India’s largest FDI might downsize initially, to get going
The National Green Tribunal may have ordered a “fresh review” of the proposed POSCO steel plant in Jagatsinghpur district of Odisha two months back, but the US $12 billion project might still be launched this year. The project has been hanging in limbo for seven years amid environmental concerns and stiff protests by locals. The company reportedly declared its plans to kick off work by October 2012, albeit by downsizing its capacity from 12 million tonnes per annum (MTPA) to eight MPTA initially. Press Trust of India and newspapers reported this while quoting POSCO officials.
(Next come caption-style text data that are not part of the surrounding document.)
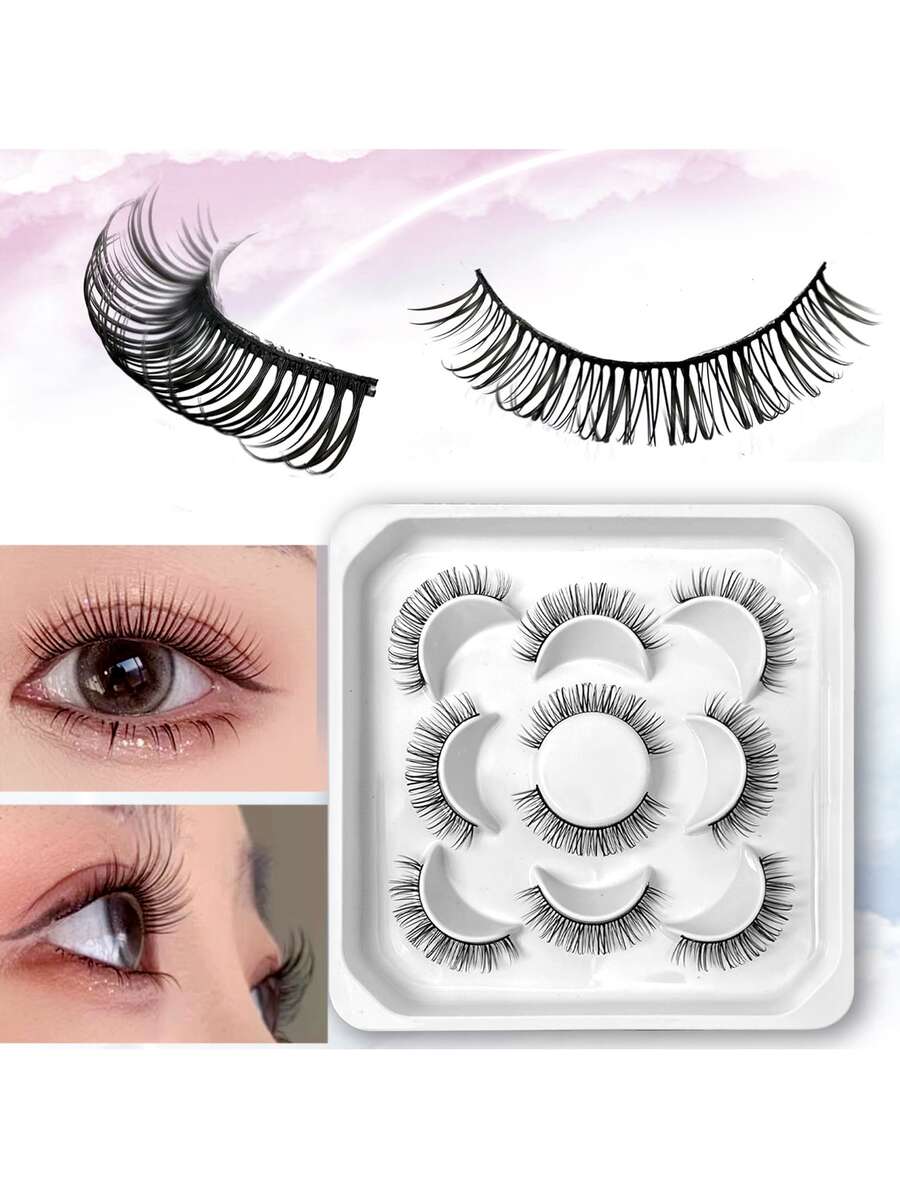 False Eyelashes,5Pairs 17Mm Extra Long False Eyelashes 17Mm Dd Curved Eyelashes Natural Russian Curl Eyelashes Fake Eyelashes False Eyelashes Strip - Brown - View 1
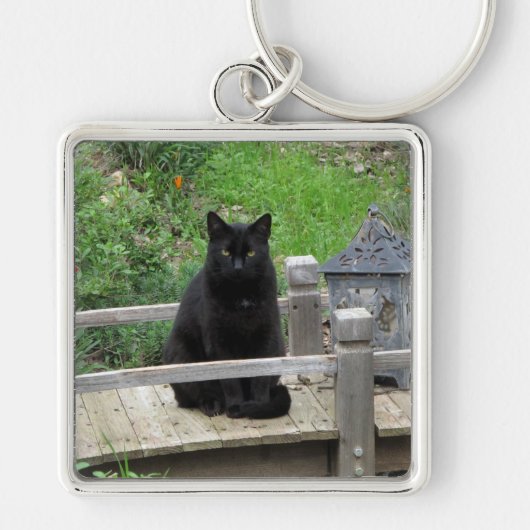 Black Cat on a Bridge Keychain キーホルダー (正面)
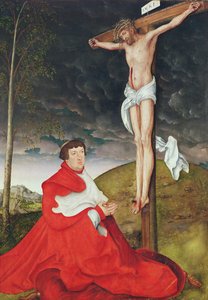 Albert, kardinalkurfursten av Mainz vid foten av korset (olja på panel) av Lucas the Elder Cranach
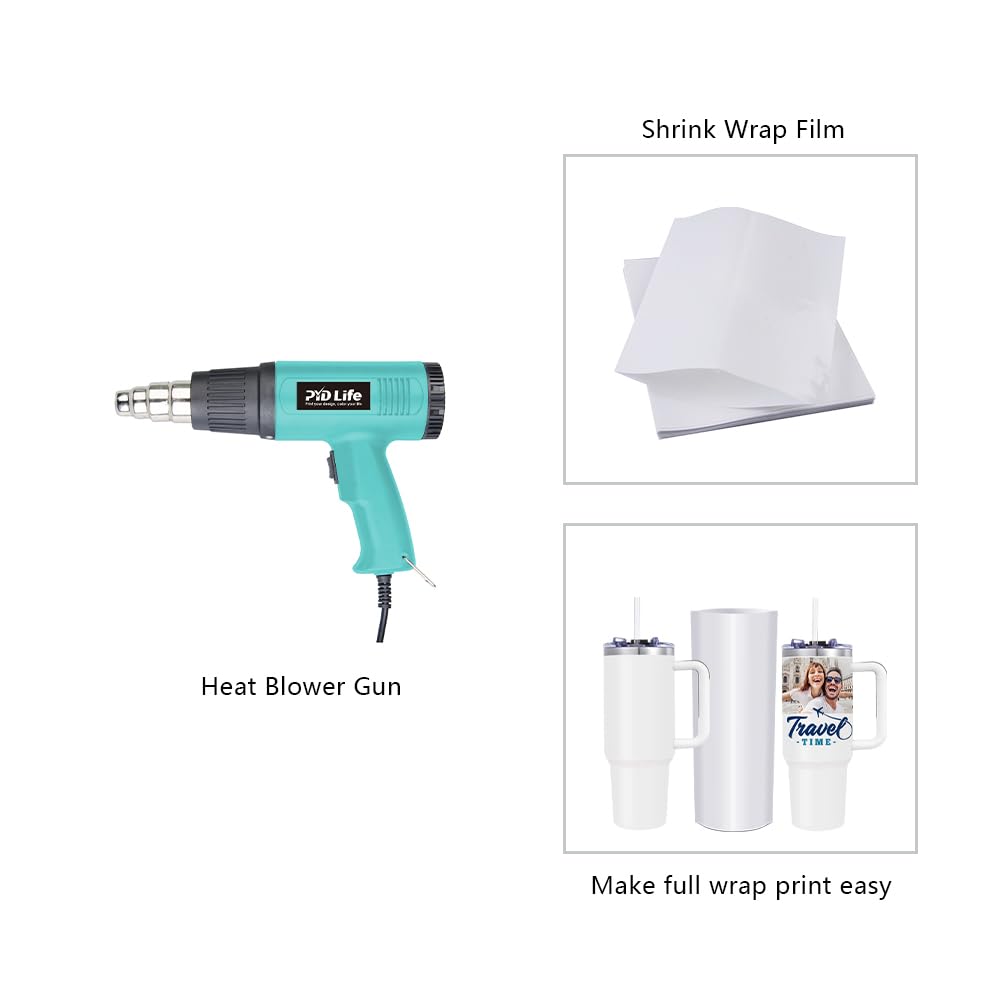 Sublimation Shrink Wrap Sleeve White Bags 11.8 x 7 Inch for 40 OZ Tumbler with Handle,Sublimation Mugs Cups Tumblers Water Bottles Print by Sublimation Oven 100 PCS for CA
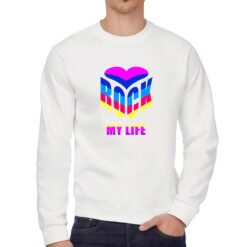 Rock My Life felpa senza cappuccio personalizzata uomo digitalshirt bianca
The company will reportedly take up the project only if the government transfers 1,093 hectares (ha) in the next few months. Initially, the total land required for the plant was pegged at 1,620 ha. Further, POSCO is planning a fresh agreement with the Odisha government as the earlier MoU expired in 2010.
In March 2012, the green tribunal had directed the Union Ministry of Environment and Forests for a fresh review of the project. It specifically suspended the final order or the conditional clearance to POSCO accorded in January 2011 , but did not cancel the original environmental clearance granted in 2007.
Notably, the rapid environmental impact assessment (EIA), based on which POSCO received the environmental clearance in 2007, is meant for a four million tonne plant, but its land, port and power requirements are commensurate to that of a 12 MPTA plant.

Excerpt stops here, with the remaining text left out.